(Stored items from a collection)
----

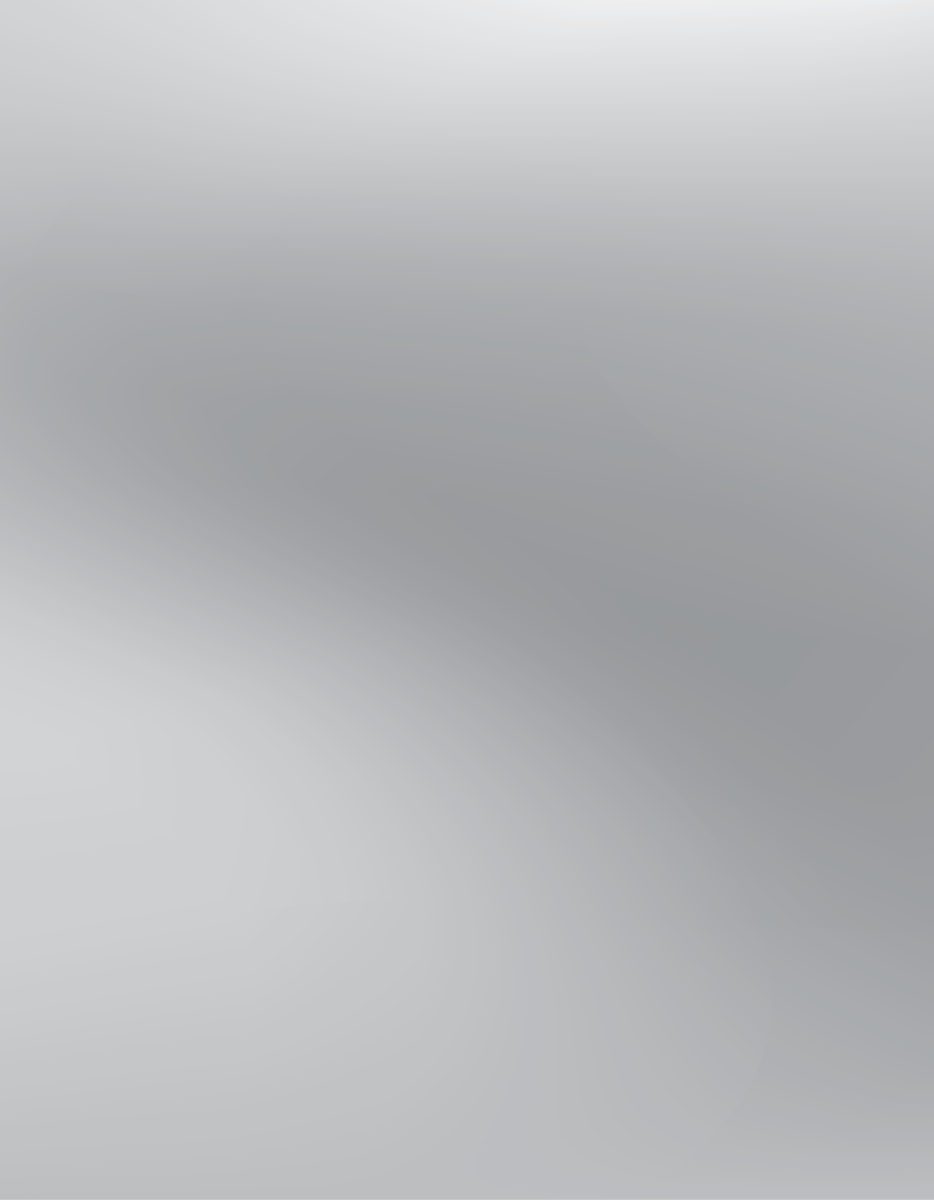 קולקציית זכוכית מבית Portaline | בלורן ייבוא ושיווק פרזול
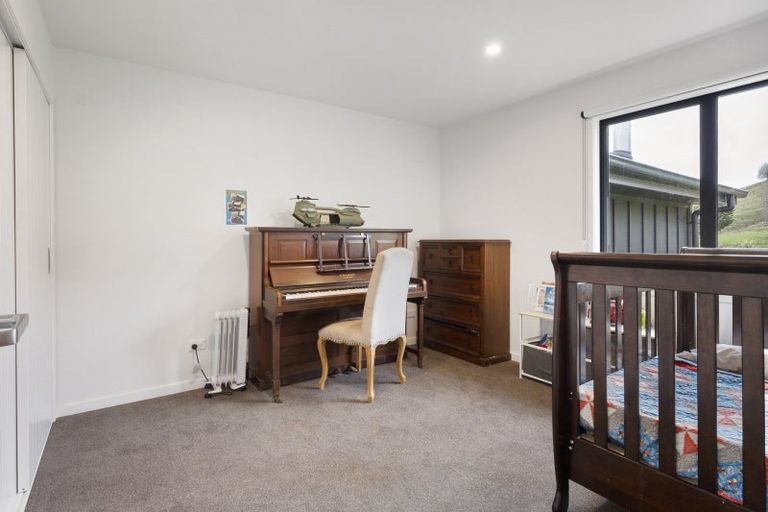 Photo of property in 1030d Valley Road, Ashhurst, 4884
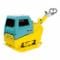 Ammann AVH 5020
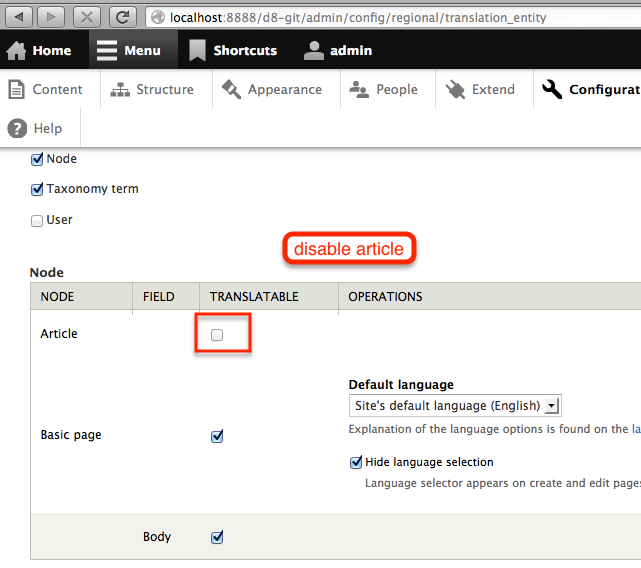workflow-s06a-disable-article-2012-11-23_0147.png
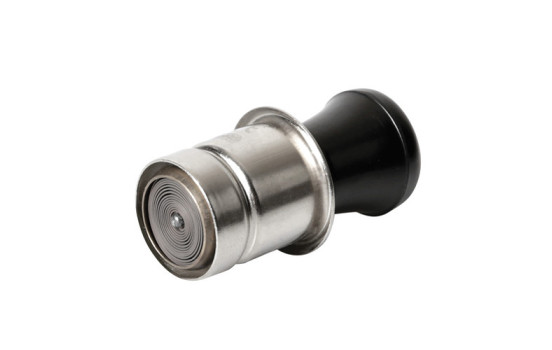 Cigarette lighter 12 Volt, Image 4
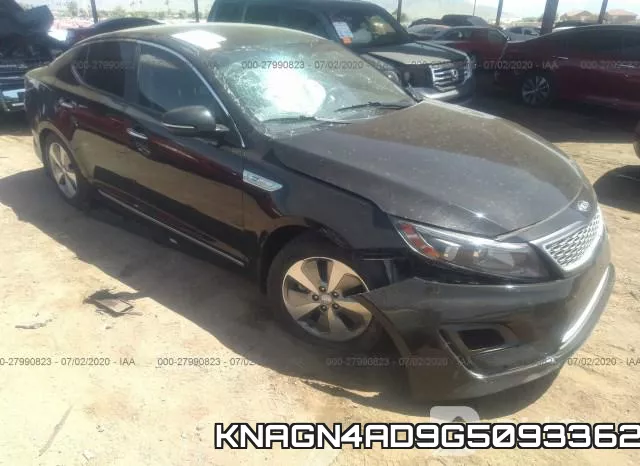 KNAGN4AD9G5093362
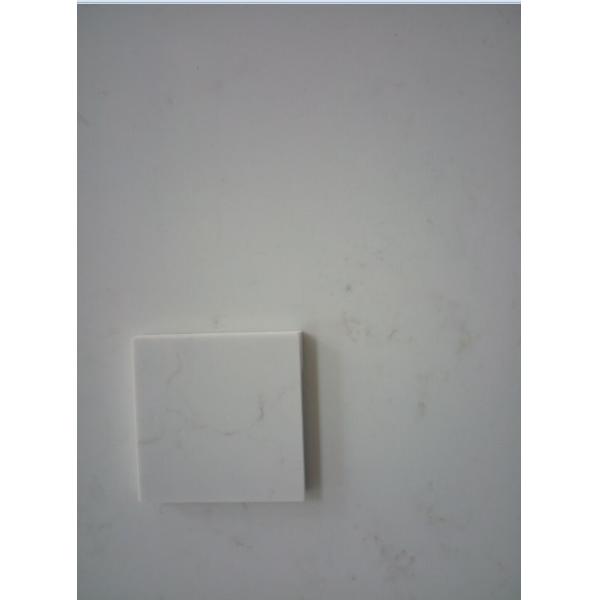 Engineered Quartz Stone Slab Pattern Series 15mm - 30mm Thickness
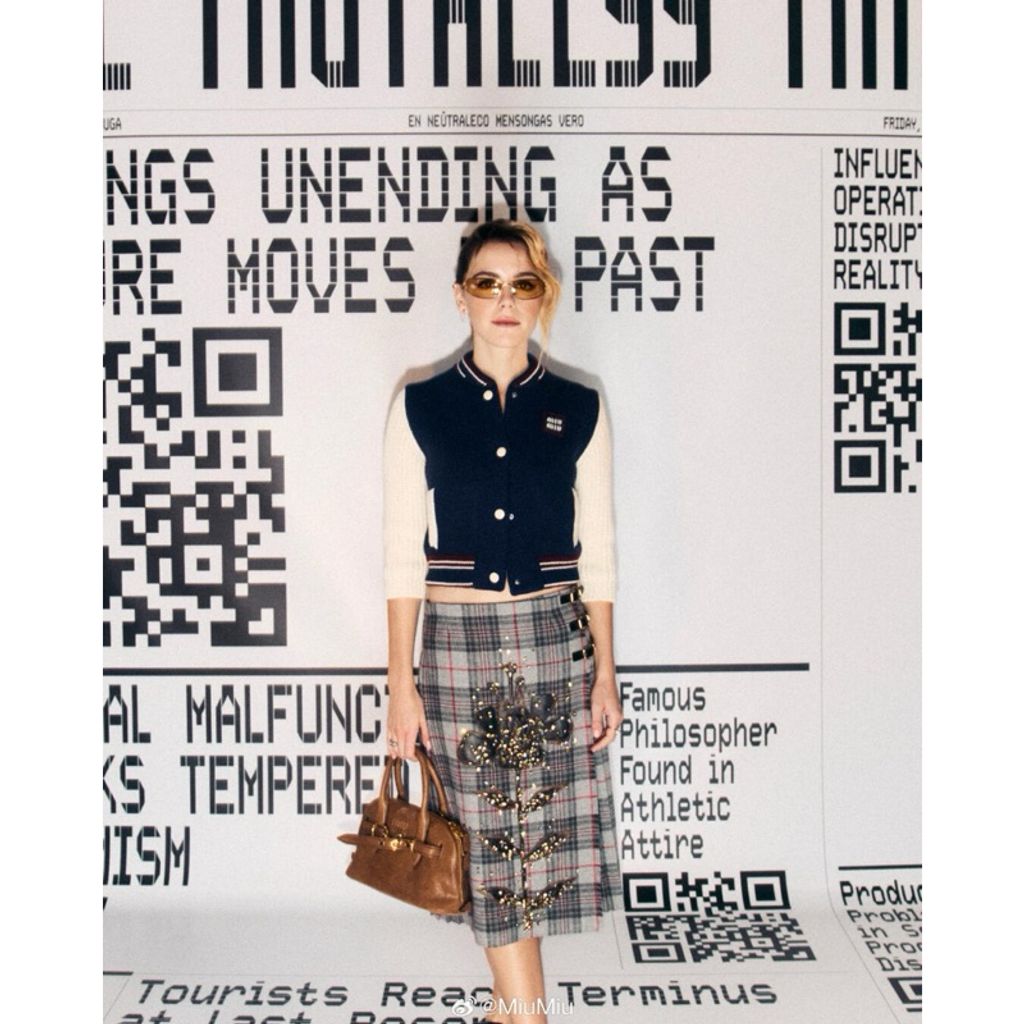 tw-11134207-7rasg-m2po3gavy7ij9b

----

> [Task item]:
Give back exactly the lines from the line with "Photo of property" through the end of the records, both included; keep all pictures out.

> [Solution for this task]:
 Photo of property in 1030d Valley Road, Ashhurst, 4884
 Ammann AVH 5020
workflow-s06a-disable-article-2012-11-23_0147.png
 Cigarette lighter 12 Volt, Image 4
 KNAGN4AD9G5093362
 Engineered Quartz Stone Slab Pattern Series 15mm - 30mm Thickness
 tw-11134207-7rasg-m2po3gavy7ij9b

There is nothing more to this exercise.